Agents you can use today
These are not hypothetical. Each category has real tools in active use that you can access now.
Deep research agents
Give these a research question. They browse dozens of sites, synthesize across sources, resolve contradictions, and produce a structured report — in minutes rather than hours. They cite sources so you can verify.
Coding agents
Write the code, run it, read the error messages, fix them, and iterate until it works. Non-programmers are building functional tools they couldn't have created otherwise. Experienced programmers move 5–10x faster on routine tasks.
Task automation agents
Connect AI to your existing apps — email, calendar, spreadsheets, Slack. Describe a workflow in plain language and the agent runs it automatically. No programming required.
Knowledge agents
Feed these your own documents — reports, notes, contracts. They build a private knowledge base and let you ask questions across all of it.

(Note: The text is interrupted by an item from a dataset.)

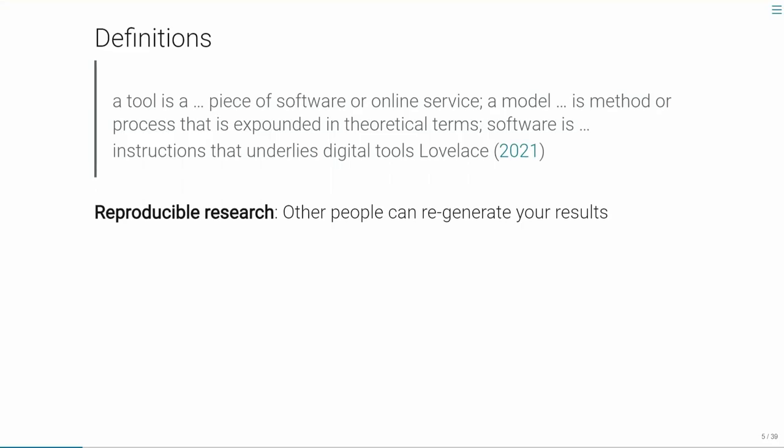Starting with definitions: I've defined a 'tool' as a piece of software or an online service. I like the metaphor of physical tools — a tool is something you can use to get things done, whether on your own computer through a command line or as an online service. A 'model' is different — it's a method or process expounded in methodological terms, and models usually underlie tools. 'Software' is the instructions — basically the cooking recipe that defines what the tool does. They're all interlinked, but it's important to understand the distinction.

They answer from your documents, not the general internet.
Computer-use agents
Agents that can see your screen and control your computer — clicking buttons, filling forms, navigating websites. You describe a task; the agent executes it the way a person would. Currently early-stage, moving fast.
What to watch for
Agents make mistakes — and because they take real actions, their mistakes can have real consequences. An agent that sends emails or modifies files creates problems that are harder to undo than a wrong answer in a chat window.
The right approach: start with low-stakes tasks. Keep humans in the loop for anything consequential. Think of a new agent like a new hire on their first week — smart and willing, but not yet proven in your specific context. Start bounded, watch how they handle it, expand their autonomy as they earn it.